31 Mar 2017

Taking the Leap into Africa : the Alteo Case Study

Any entrepreneurial approach implies the ability to identify, exploit and take advantage of opportunities that arise in a market thus ensuring the long-term development and perennity of a company. It sometimes also means taking calculated risks and going beyond set boundaries onto unknown territories. Such was the case for the Alteo Group who applied entrepreneurial techniques as a group for their successful implantation in Africa.

In 2000, Alteo Group invested in Tanzania by acquiring a controlling stake in TPC Limited, a previously state-owned sugar factory. Partly resulting from geographic constraints, Alteo’s development strategy was based on the Mauritian know-how acquired during the group’s long-time experience in sugar manufacturing to establish itself in the region’s market while ensuring high growth potential. More recently, in August 2015, Alteo acquired a majority stake in Transmara, a sugar mill located in western Kenya.


Assessing the economic, cultural and political situation of a country is crucial before making an investment decision. Every region of Africa offers different socio-economic data while the markets differ greatly. In the case of Alteo’s long-term investments, it is essential to choose countries presenting the most stable conditions. Fortunately, as the Tanzanian project was launched, this region of Africa was identified as a potential market with a high population growth due to rural exodus, resulting in a change in eating habits, and constantly increasing purchasing power. Given that Tanzania’s development was still far behind its neighbours in 2000, it was possible to expect rapid growth potential following the adoption of various measures being implemented by the authorities, such as their extensive privatisation program, etc.
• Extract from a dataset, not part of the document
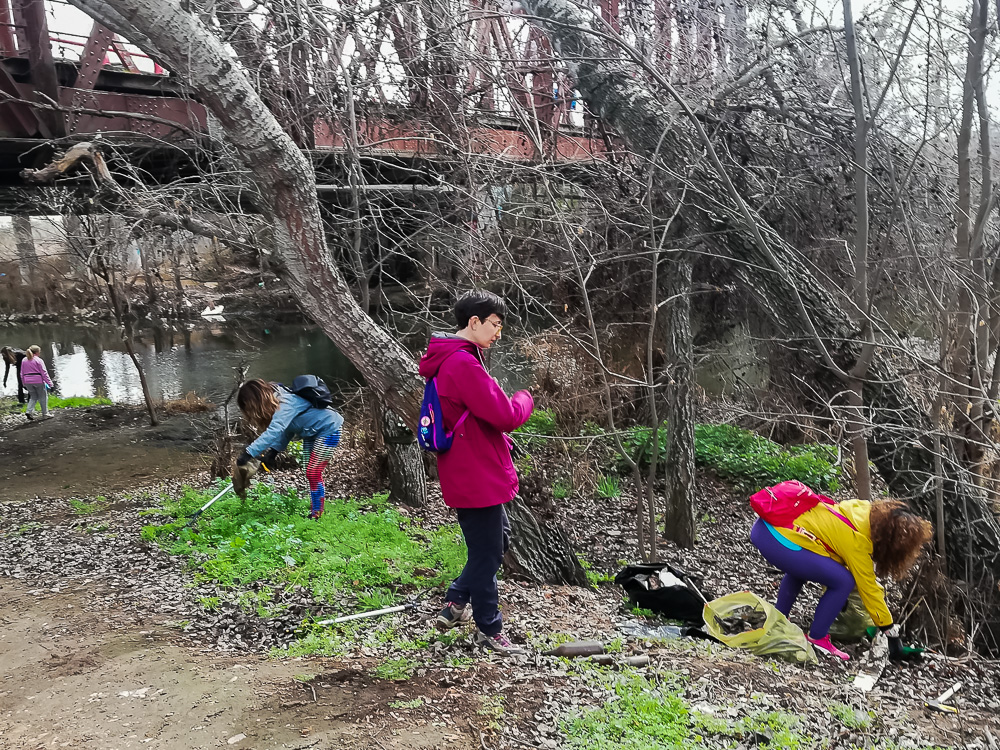 Vecinos voluntarios extrajeron más de 500 kilos de basura en la ribera del río Henares e instalaron cajas nido para facilitar el anidamiento de aves insectívoras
In the case of Alteo, the main criteria taken into account in project risk assessment are the soil and climate cane yield potential, the sugar market, the quality of the local partner and the political stability. This is followed by a process of progressive validation of the model's assumptions in its particularities. It is always important to understand the environment in which you will operate before investing. Ultimately, the objective sought is once again to control production and its costs in order to be able to produce sugar at a fairly competitive cost to ensure the future profitability of the operation and an appropriate return on investment for the shareholder.


East Africa, by virtue of its proximity, its economic dynamism and its sugar deficit market, rapidly emerged as the preferred region for development. Nevertheless, this successful implantation underlines the sustainability of Alteo’s activity in Africa and would not have been made possible without a partnership with Quartier Français, a group known today as Tereos Indian Ocean. Alteo’s development in Africa was naturally developed with this trustworthy partner with whom a common strategic vision is shared. This partnership not only provides financial support but also allows for an exchange of ideas on the technical aspects of the trade.


The first challenge was the establishment of the organisation and the mobilisation of resources, mainly human resources. Fortunately, it was possible to build a motivated and tightly knit team, which allowed the group to maintain a coherent, long-term vision and overcome operational challenges that were numerous at the start. Agricultural, industrial and logistical problems had to be identified and solved at first in order to double the production of TPC from 30,000 tons of sugar in 2000 to 60,000 tons in 2005.  It was only in recent years that the factory was able to exceed 100,000 tons of sugar per year. The same applied to Transmara that managed to boost its production capacity from 60,000 to 90,000 tonnes after one year, thus showcasing the management efforts to optimise the production through reinvestment. The main challenge resides in the control of production and its cost: the main factor in effectively protecting oneself from competition.


TPC began to generate positive cash flows after 4 or 5 years, but these were initially reinvested entirely to ensure the development and sustainability of the operations. On the other side, Transmara managed to generate profits during the first year of production. To this day, investments are made to ensure the upgrade of production tools, in the mechanisation of agricultural operations, or in the valuation of derivative products, in order to maintain a competitive advantage for both production units.